- _DESCRIPTION OF THE TASK_
Copy out exactly the stretch below, from the line with "Успенский Пюхтицкий ставропигиальный" through the line with "2018 Sunseeker Predator - Image 37", both included; the pictures stay out.

- _MATERIAL PROVIDED_

*** Begin section ***

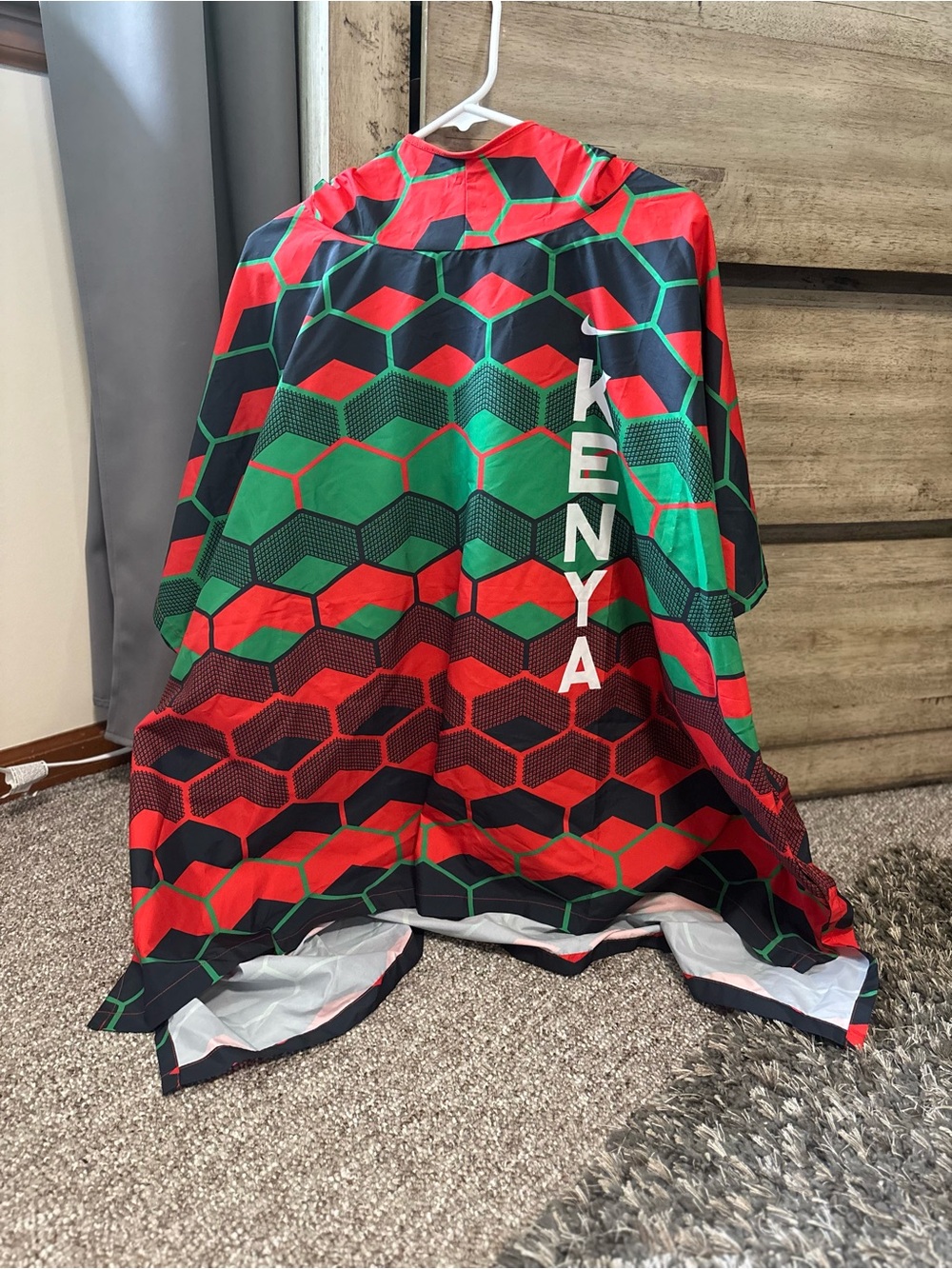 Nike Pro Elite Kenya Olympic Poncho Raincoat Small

*** End section ***
*** Begin section ***

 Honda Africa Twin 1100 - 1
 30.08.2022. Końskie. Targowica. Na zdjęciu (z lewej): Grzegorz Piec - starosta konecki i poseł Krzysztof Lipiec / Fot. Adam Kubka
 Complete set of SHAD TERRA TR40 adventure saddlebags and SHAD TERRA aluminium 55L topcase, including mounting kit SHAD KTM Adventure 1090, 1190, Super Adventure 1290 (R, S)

*** End section ***
*** Begin section ***

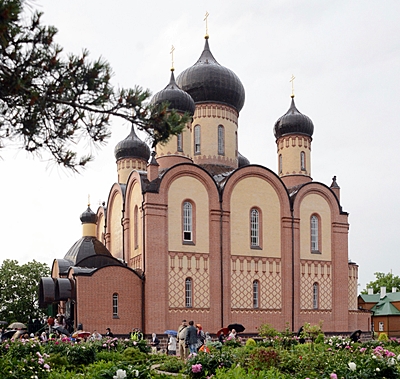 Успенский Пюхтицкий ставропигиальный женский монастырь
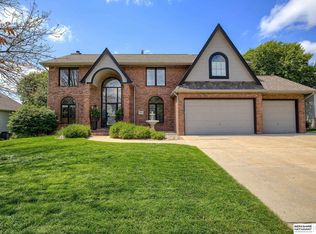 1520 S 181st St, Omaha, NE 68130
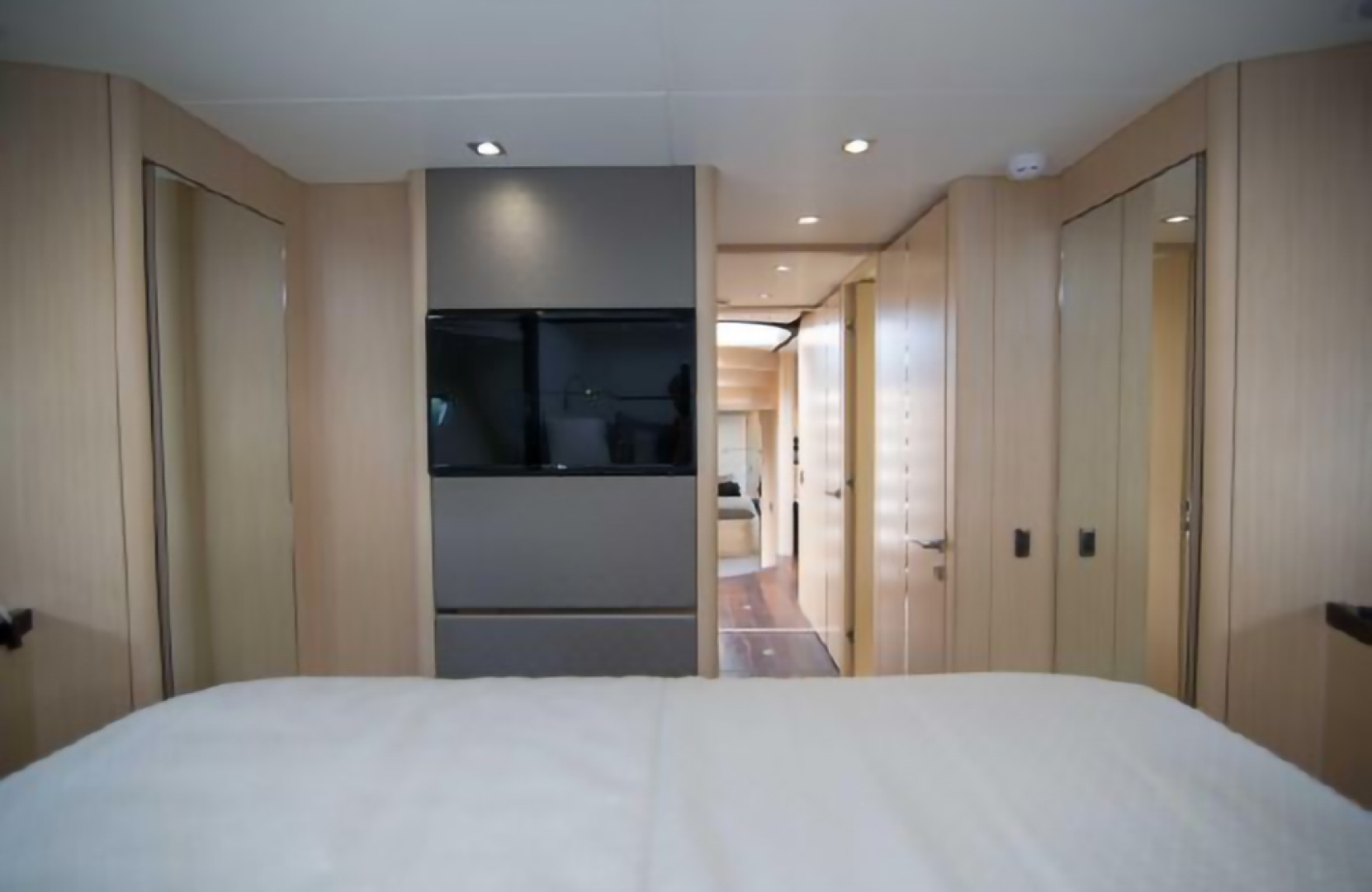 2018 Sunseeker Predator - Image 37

*** End section ***

- _RESULT OF THIS EXERCISE_
 Успенский Пюхтицкий ставропигиальный женский монастырь
 1520 S 181st St, Omaha, NE 68130
 2018 Sunseeker Predator - Image 37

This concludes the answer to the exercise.